Directions for this task => Give back, unaltered, the lines from the one with "Photo 23 of" to the end of the material, omitting pictures.

※

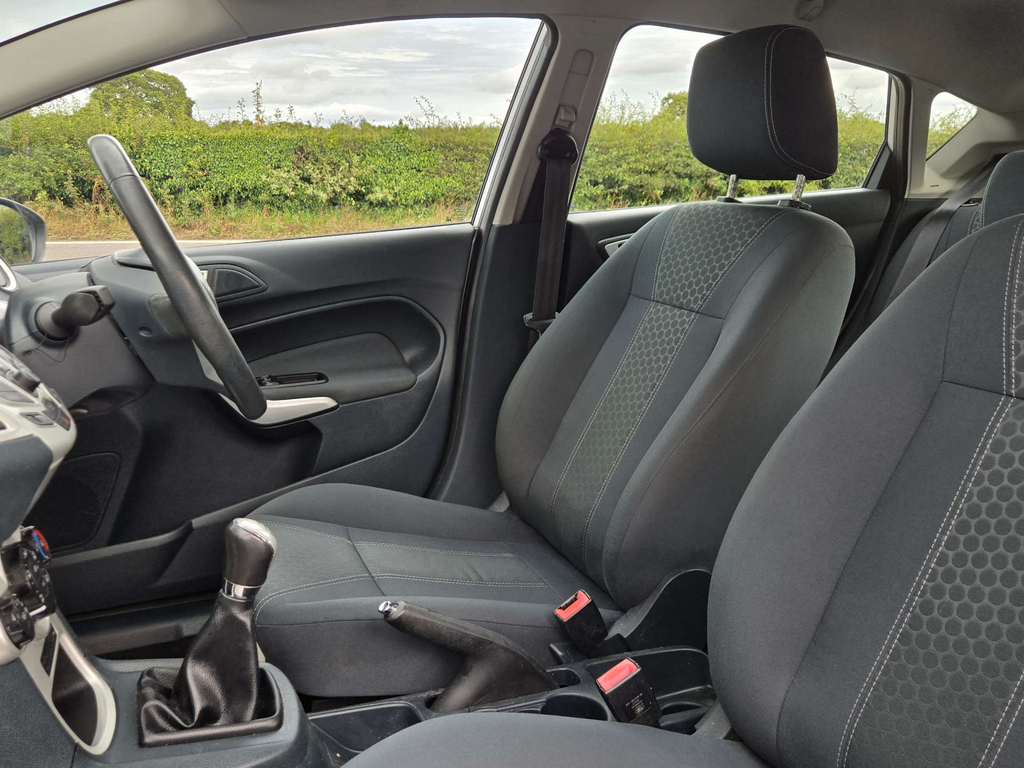Ford Fiesta 1.3L Edge Red #30
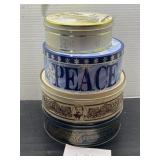 Mixed lot of 4 metal tins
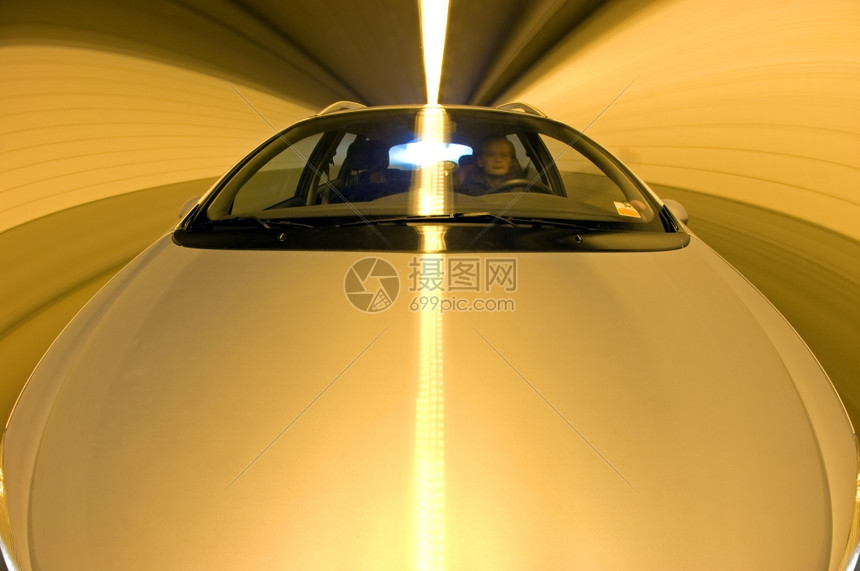 镜子接触单身的一辆汽车在隧道中驾驶车头从引擎盖上看到司机坐在方向盘后面图片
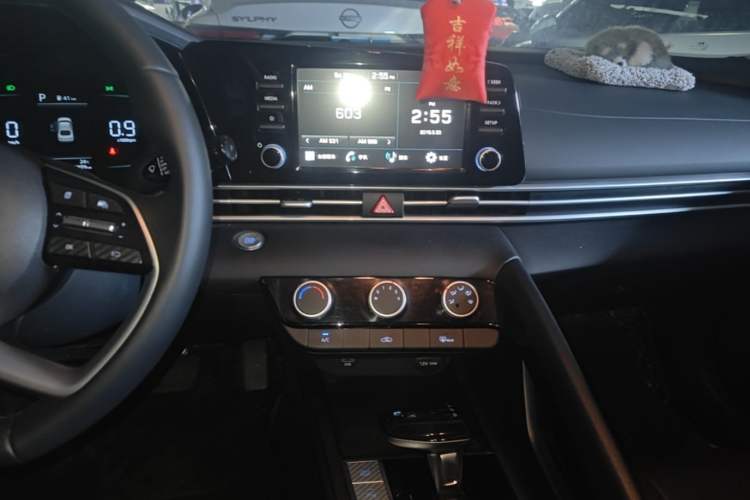 Used Hyundai Elantra 2023 1.5L CVT GLX Elite Edition Audio And AC Panel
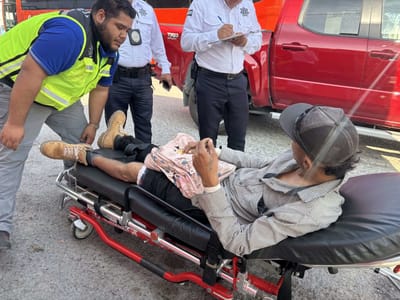 Ciclista terminó lesionado tras chocar contra camioneta en el Centro de Monclova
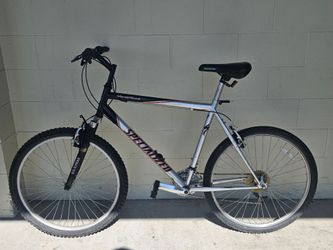 Specialized Sport 26" 21-Speed Hybrid Mountain / Road Bike - Front Shocks - XL 21" Light Frame - READY TO RIDE! (MSRP 480$)
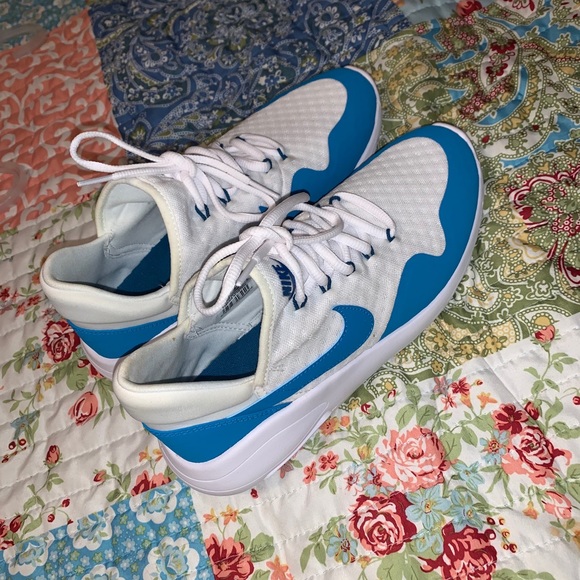 Nike Shoes - WMNS NIKE AIR MAX SASHA Nike Shoes - WMNS NIKE AIR MAX SASHA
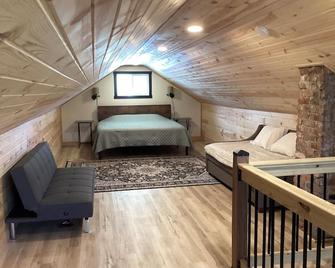 'B' Our Guest. A cozy 3-bedroom & 2 bath house with ac and Wi-Fi - Ord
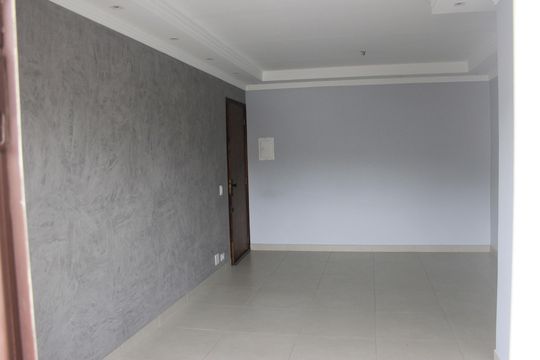 Sala  de apartamento à venda com 2 quartos, 65m² em Vila Galvão, Guarulhos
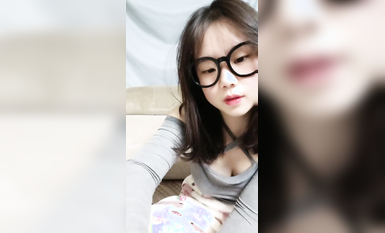 西安嫩妹在線賣逼，無敵小可愛【百變小櫻】無敵大奶子~ ---1000包夜，奶子真的是超漂亮2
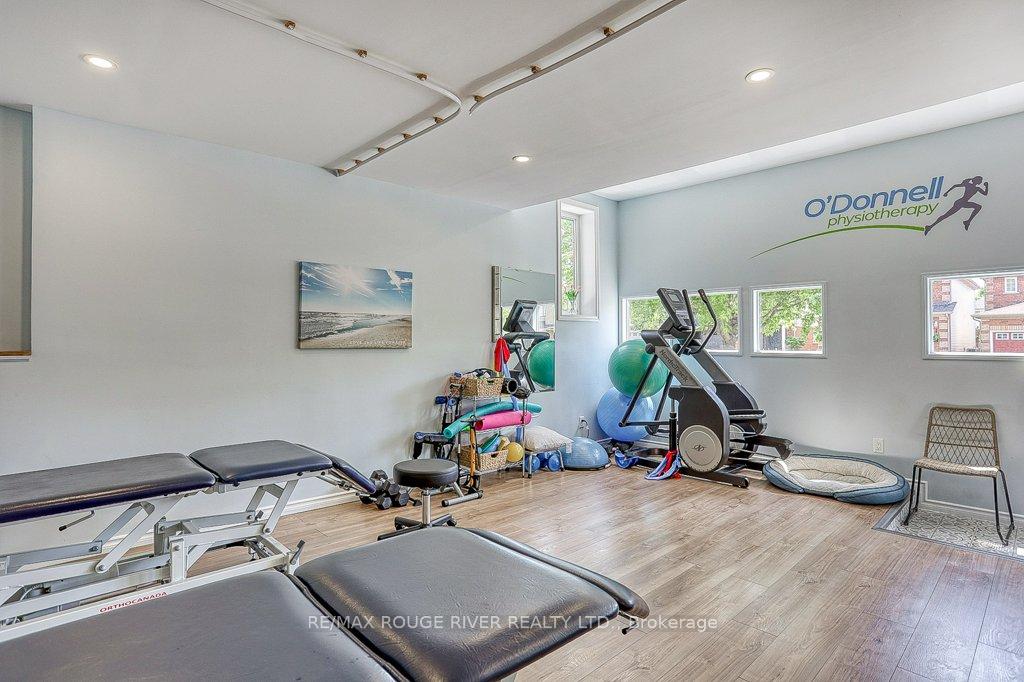 Photo 23 of 58 Dadson Drive, Clarington, Bowmanville — HOMEH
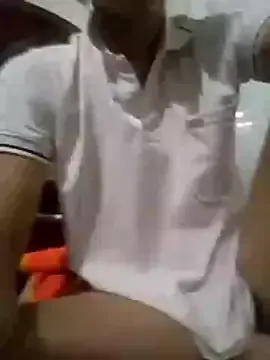 ManChillBigCockVN from StripChat is Freechat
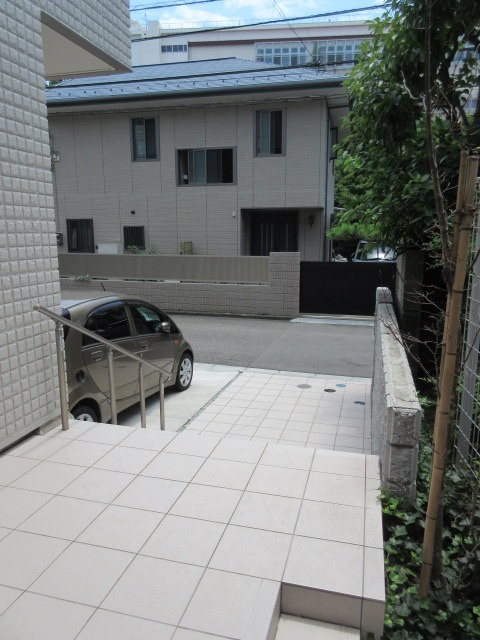 Ｍａｉｓｏｎ　ｄｅ　Ｏｎｚｅのエントランス|アプローチ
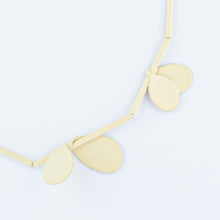 'Leaf' necklace - ivory
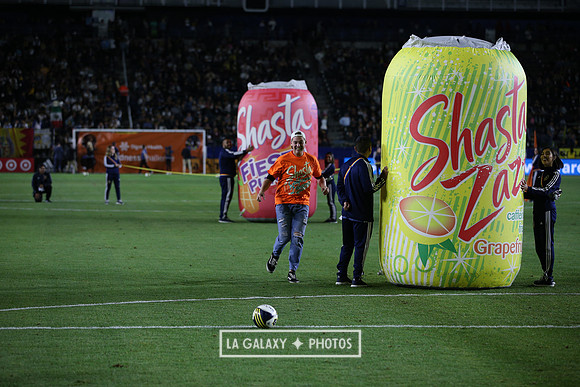 060219_LAGalaxyvsRevolution_GA_0402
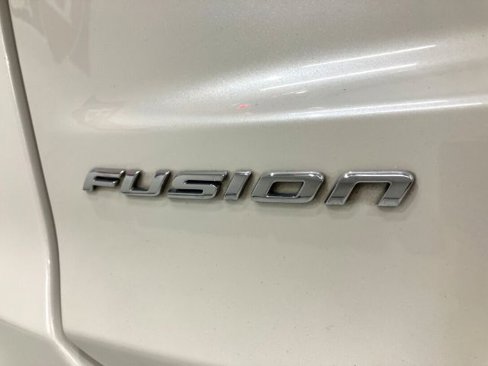 Used 2019 Ford Fusion Titanium image 17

※

Result =>
 Photo 23 of 58 Dadson Drive, Clarington, Bowmanville — HOMEH
 ManChillBigCockVN from StripChat is Freechat
 Ｍａｉｓｏｎ　ｄｅ　Ｏｎｚｅのエントランス|アプローチ
 'Leaf' necklace - ivory
 060219_LAGalaxyvsRevolution_GA_0402
 Used 2019 Ford Fusion Titanium image 17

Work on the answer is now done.